Enfoirés et Indignés

Pour lancer la tournée 2015 des restos du coeur, les enfoirés sortent un clip où des stars multi-millionaires répondent à des ados inquiets pour leur avenir "à vous de jouer, mais faudrait vous bouger". De façon totalement inattendue et imprévisible, ceci passe très mal. Si la chanson est extrêmement critiquable, la violence et l'unanimité de la réaction ont aussi quelque chose d'interpellant.

Il est choquant que si peu de commentateurs se soient rendus compte que la chanson se moque au moins autant du discours des adultes que de celui des jeunes.

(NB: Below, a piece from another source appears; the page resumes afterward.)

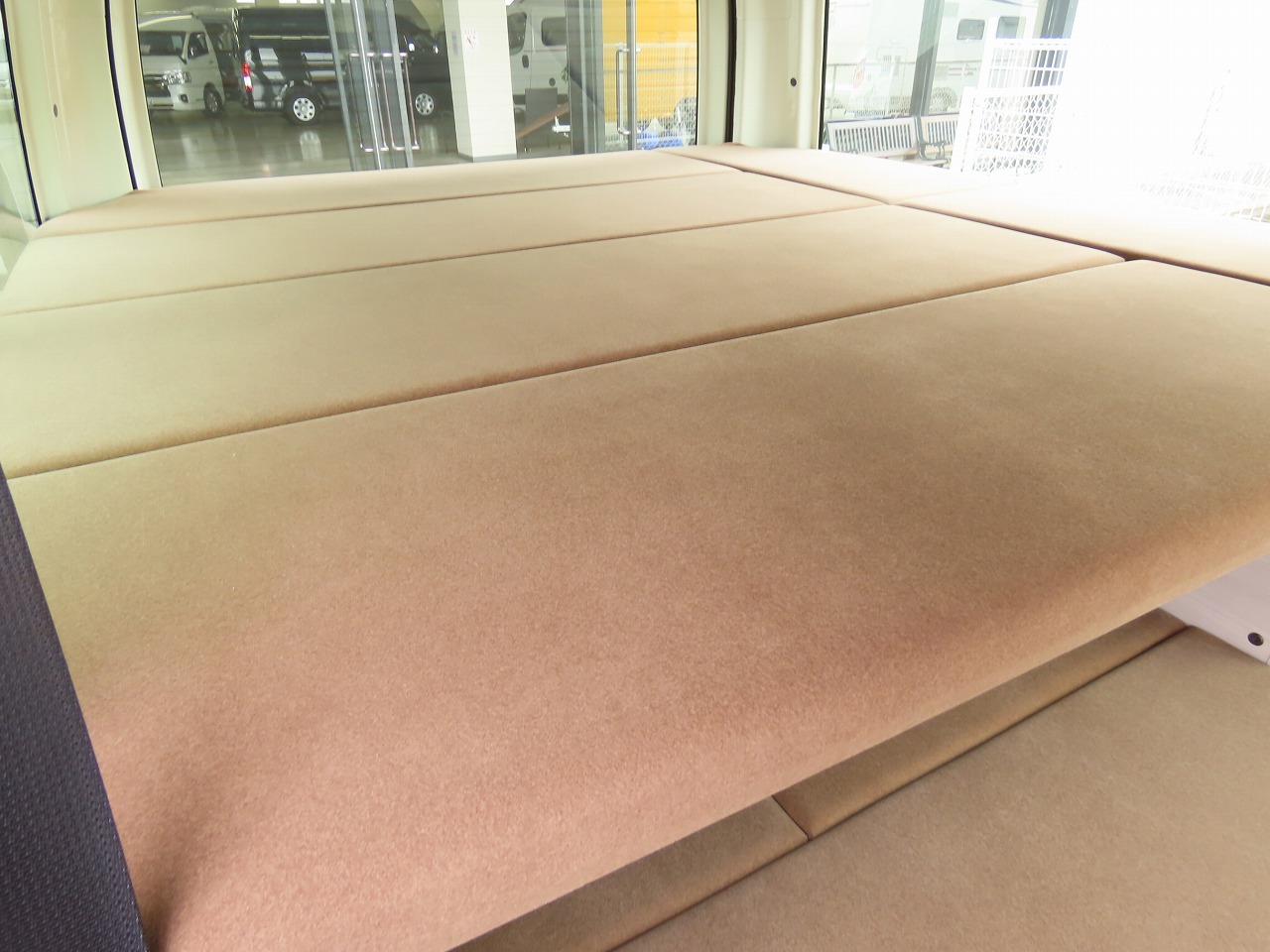 キャンピングカーバンコン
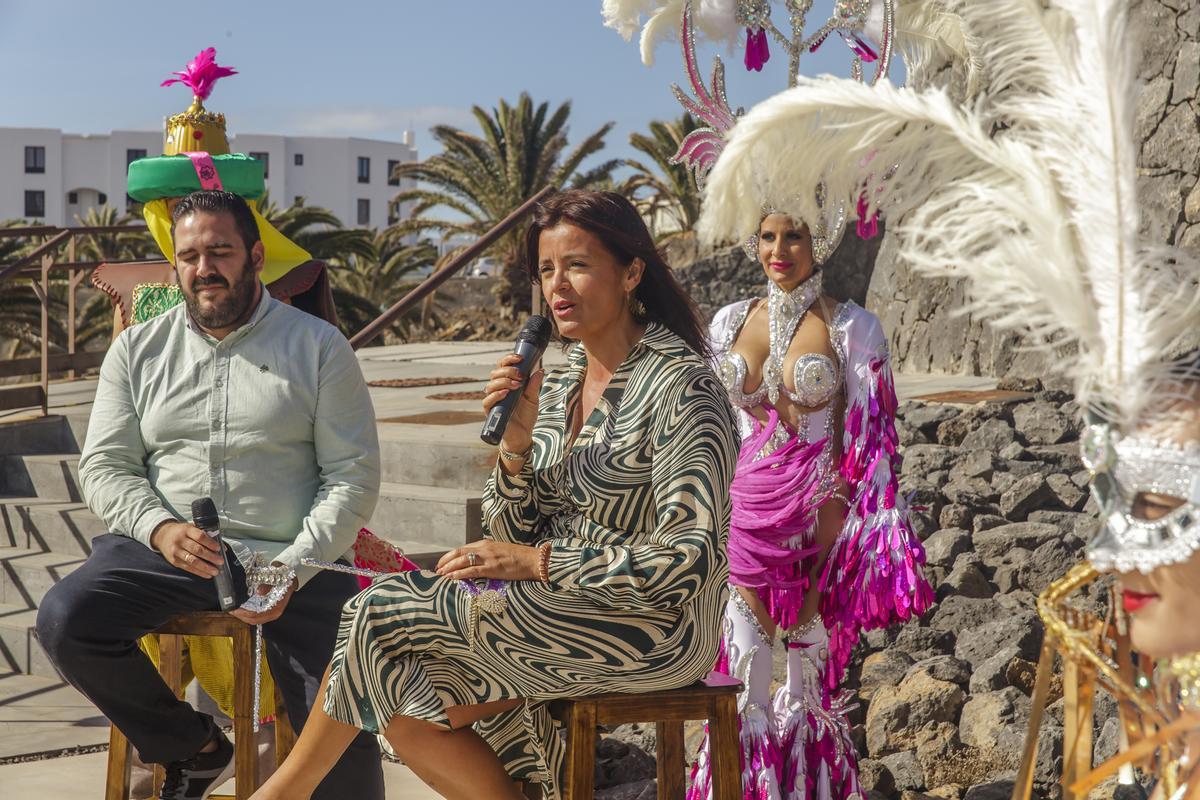 Javier Díaz y Olivia Duque en la presentación del Carnaval de Teguise.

Les indices (qui, je l'avoue, m'avaient également échappé à la première écoute) sont pourtant tout sauf subtils : le "Non" asséné en chœur d'un air bovin, le "Je rêve ou tu es en train de fumer?" manifestement hors-sujet, nous montrent des adultes faisant preuve d'une mauvaise foi évidente lorsqu'ils répondent aux inquiétudes des jeunes. Comme l'a depuis précisé Jean-Jacques Goldman, cet aspect caricatural du discours est voulu et essentiel pour comprendre la chanson.

Certes, quand un auteur se voit obligé de s'expliquer a posteriori, c'est que son texte n'était pas très bon. Mais que les critiques aient plongé aussi catégoriquement et avec si peu de discernement pour défendre les jeunes du clip agressés par des propos "complètement réac" n'est pas anodin : c'est le signe d'un désenchantement tragique, d'une conviction profonde que la jeunesse d'aujourd'hui est condamnée, qu'il n'y a plus aucun espoir, et que la nouvelle génération doit aujourd'hui être traitée avec tous les égards et les mines contries que l'on réserve habituellement aux cancéreux en phase terminale.

Pourtant, si la génération aujourd'hui à la retraite a effectivement bénéficié de circonstances particulièrement favorables, il faut rappeler qu'à leur naissance, aux alentours de 1950, un observateur objectif n'aurait probablement pas parié sur eux. Le traumatisme de la deuxième guerre mondiale était encore vif dans les mémoires, et la guerre froide naissante rendait la perspective d'une troisième, bien plus meurtrière, dangereusement réelle. Les grandes puissances menaient par proxy une guerre en Corée, causant en trois ans plus de victimes que toutes les interventions occidentales depuis le 11 septembre 2001 réunies.

L'Europe en ruines n'offrait que peu de réconfort, et bien des acquis sociaux qui nous semblent aujourd'hui évidents étaient encore à gagner : les congés payés, un chômage décent, l'accès universel aux soins de santé, le droit de vivre publiquement son homosexualité et, dans certains pays, le droit au divorce.

S'il est évident que le monde se porte mal en 2015, cela ne doit pas faire oublier qu'il allait encore bien plus mal en 1950, et que certains progrès réalisés depuis sont spectaculaires. En 1950, l'espérance de vie était en-dessous de 50 ans dans la moitié du monde, parfois loin en-dessous (23 ans au Yemen). Aujourd'hui, elle est au-dessus de 60 ans dans presque tous les pays, et seul le Lesotho, avec 48 ans, est encore en-dessous de 50. (www.bit.ly/kEEc5s) La proportion d'êtres humains vivant en état d'extrême pauvreté a été divisée par deux durant les 20 dernières années.

L'Europe occidentale, où vivent les enfoirés, est aujourd'hui bien plus riche qu'en 1950. (Le PIB de la région a été multiplié par 5)Certes, cette richesse est répartie de façon bien moins égalitaire qu'autrefois, et les revenus de la majeure partie de la population n'ont pas significativement changé en vingt ans. Mais ce n'est pas là une tendance inéluctable, seulement le résultat de choix politiques. Et une tendance causée par des choix politiques peut être inversée par d'autres choix politiques.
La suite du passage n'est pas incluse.